We're in central Kansas and we're listening to A.M. radio. Here's a sample of what we've heard:

"We gotta get over this $37,000 shortfall so I can perform my exorcism. ... I will provide you with my bonus video after the exorcism."

Yikes.

The garden was pleasant, despite the overcast sky. The gardens feature a host of wildflowers that line the walkway from a chapel to the gardens themselves.
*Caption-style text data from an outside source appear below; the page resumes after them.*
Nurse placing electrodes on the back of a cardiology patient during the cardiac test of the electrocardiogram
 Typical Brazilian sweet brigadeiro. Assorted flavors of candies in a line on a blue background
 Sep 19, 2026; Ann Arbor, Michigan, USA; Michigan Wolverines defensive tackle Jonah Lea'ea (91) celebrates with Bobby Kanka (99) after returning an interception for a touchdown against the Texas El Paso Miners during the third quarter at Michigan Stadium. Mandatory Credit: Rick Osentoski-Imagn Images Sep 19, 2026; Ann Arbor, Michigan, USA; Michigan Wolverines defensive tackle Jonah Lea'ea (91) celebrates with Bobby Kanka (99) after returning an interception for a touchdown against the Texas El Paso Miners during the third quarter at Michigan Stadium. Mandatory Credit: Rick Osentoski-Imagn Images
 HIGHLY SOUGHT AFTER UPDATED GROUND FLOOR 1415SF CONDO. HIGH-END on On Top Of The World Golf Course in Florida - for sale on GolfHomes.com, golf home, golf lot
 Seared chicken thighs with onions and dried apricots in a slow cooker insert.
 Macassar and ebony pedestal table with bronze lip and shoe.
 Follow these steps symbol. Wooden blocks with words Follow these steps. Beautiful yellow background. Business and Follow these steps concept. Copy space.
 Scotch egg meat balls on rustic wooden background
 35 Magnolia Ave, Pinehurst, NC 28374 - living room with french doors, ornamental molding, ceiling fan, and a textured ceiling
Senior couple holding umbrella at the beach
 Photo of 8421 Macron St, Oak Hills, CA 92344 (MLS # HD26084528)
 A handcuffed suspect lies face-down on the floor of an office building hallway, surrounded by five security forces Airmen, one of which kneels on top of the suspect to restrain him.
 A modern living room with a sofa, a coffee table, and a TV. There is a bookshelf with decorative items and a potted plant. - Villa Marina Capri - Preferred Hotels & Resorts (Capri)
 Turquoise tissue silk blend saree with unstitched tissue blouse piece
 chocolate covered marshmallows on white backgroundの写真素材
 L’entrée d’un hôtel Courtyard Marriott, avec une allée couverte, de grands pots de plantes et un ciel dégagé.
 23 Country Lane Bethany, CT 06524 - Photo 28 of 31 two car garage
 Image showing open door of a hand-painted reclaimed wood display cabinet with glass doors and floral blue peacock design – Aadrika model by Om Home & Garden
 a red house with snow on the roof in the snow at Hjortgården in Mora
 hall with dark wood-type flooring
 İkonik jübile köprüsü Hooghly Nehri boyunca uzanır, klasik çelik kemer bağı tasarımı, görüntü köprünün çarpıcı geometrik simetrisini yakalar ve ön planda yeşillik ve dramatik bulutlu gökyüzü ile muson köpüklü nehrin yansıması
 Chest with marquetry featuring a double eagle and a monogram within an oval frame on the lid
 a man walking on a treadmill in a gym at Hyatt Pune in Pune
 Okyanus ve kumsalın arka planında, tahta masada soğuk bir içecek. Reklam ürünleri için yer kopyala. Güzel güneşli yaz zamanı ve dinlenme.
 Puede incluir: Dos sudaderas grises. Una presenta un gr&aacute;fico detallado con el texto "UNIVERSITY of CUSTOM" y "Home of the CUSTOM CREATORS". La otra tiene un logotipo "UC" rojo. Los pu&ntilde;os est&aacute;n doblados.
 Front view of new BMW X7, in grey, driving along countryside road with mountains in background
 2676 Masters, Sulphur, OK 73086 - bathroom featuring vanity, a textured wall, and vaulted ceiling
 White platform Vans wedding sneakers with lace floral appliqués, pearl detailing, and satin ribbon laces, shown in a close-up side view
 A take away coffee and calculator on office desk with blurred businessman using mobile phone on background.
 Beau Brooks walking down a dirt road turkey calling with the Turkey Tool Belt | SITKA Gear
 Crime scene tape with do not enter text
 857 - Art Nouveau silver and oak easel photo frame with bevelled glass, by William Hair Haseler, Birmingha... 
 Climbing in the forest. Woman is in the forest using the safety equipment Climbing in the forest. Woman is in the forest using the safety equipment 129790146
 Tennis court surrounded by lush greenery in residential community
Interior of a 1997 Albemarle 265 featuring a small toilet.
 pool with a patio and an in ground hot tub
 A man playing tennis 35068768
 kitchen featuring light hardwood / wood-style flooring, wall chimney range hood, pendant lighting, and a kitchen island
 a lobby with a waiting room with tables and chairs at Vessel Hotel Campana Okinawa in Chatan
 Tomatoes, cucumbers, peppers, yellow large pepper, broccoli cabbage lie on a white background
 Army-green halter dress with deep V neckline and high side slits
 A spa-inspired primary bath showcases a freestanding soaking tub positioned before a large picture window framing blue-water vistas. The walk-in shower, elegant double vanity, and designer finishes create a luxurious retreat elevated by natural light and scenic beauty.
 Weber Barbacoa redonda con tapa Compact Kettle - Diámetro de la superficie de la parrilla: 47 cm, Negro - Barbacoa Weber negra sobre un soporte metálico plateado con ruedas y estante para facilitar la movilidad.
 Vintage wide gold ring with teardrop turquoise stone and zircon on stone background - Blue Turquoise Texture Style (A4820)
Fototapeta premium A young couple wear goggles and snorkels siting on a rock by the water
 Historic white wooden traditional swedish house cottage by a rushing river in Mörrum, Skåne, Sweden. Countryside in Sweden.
I have to admit I love flowers. I started making a list of what I like. Asters seem to be one of my favorites. But I loved the ribbon grass. The iris, golden peony and celandine poppy (a tiny, beautiful purple flower). The meadow anemone (little, white, buttercup-like flowers). But the one that left the most impression was the white evening primrose. I think it's an annual, but it was amazing: soft-colored pink flowers that grow low to the ground. And the blanket flower (I think it's called golden globe), which is part of the aster family, also caught my attention.

We drove to the neighborhood of Westport, a funky, colorful section of Kansas City loaded with cafes and trendy but subtle shops. Lots of students. Lots of crafts and art. Lots of sculptures.

Colorful houses painted in bright pastels and wacky reds and oranges. Trees. Hills. And a monument marking the start of the pioneer trails. Older man with long hair in pony tails. Parks. Fountains and fountains. Trendiness at its best at the gateway to the west.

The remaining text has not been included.